Но была во мне, как тогда говорили, а сейчас модно называть "интровертная изюминка". Я была крайне нелюдимой. По этой причине воспитатели частенько "сталкивали" меня лбом с другими такими же нелюдимыми ребятами – был шанс на социализацию. И в детстве это работало. По крайней мере, в нашем случае сработало, даже если нас тогда и не поставили рядом.

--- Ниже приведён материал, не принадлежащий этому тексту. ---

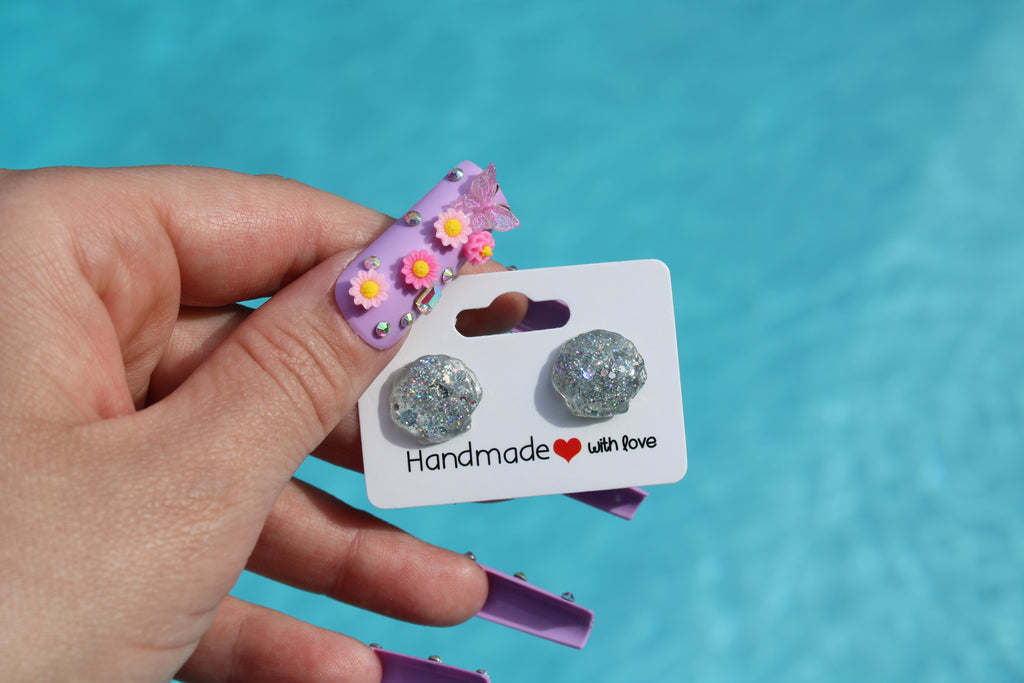 Handmade silver glitter seashell earrings on a card held by a hand with a pool background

Мою маму Тоби привел в полный восторг. Возможно, это произошло из-за того, что она уже уверилась: я стану замкнутым и истеричным затворником, проведя жизнь в одиночестве. А как тут не увериться, если все ее приятельницы начали искать отговорки, чтобы больше не приводить своих детей ко мне после первого знакомства? То я молчу часами, уставившись себе под ноги, то забиваюсь за изголовье кровати, то вдруг начинаю психовать, швыряя конфеты на пол. И вдруг такое счастье – дочь завела друга, и сама!
Но радовалась она, кажется, еще и по другой причине: у Тоби был отец, с которым мама сразу нашла общий язык. Нет, не в романтическом плане. С какого-то возраста женщины начинают ценить такой "неромантичный" интерес гораздо больше, чем банальные танцы с бубном ради мимолетного секса. Маму, безусловно, радовала эта ситуация. Она не говорила об этом прямо, но я понимала: она впервые за долгое время чувствовала себя защищенной.
А вот меня отец Тоби начал раздражать с того самого момента, как я его увидела. С детства я не могла усидеть на месте, постоянно куда-то бежала, и любое ожидание вызывало у меня раздражение. С годами это только усиливалось. А он же был полным антиподом моего мироощущения. Когда мы шли куда-то, он останавливался каждые десять метров, чтобы попить воды. У него всегда развязывались шнурки, которые он со вздохами завязывал минут пять, а затем еще минут пять охал, поднимаясь.
– Когда же ты купишь себе ботинки на липучках? – хотелось мне крикнуть, но я молчала.
Он зачем-то дергал дверь по три раза, проверяя, закрыта ли она, будто с первого раза не доходило. Иногда он оставался у нас дома на целые выходные, просто лежа на кровати и разговаривая с мамой. Этот человек всегда отнимал МОЕ время.
"Взрослые точно сошли с ума, раз они способны выдерживать бездействие целыми днями и даже получать от этого удовольствие", – говорила я Тоби. А он только качал головой.
Но больше всего меня раздражало, когда отец Тоби начинал "учить меня жизни". Я готова была взять сковородку и вмазать ему. Как может человек, который живет в захламленной лачуге с липким полом, работает за гроши и явно сам не счастлив, советовать кому-то другому, как жить? Конечно, в детстве у меня не было такой четкой формулировки, но интуитивно я понимала: его слова не заслуживают доверия.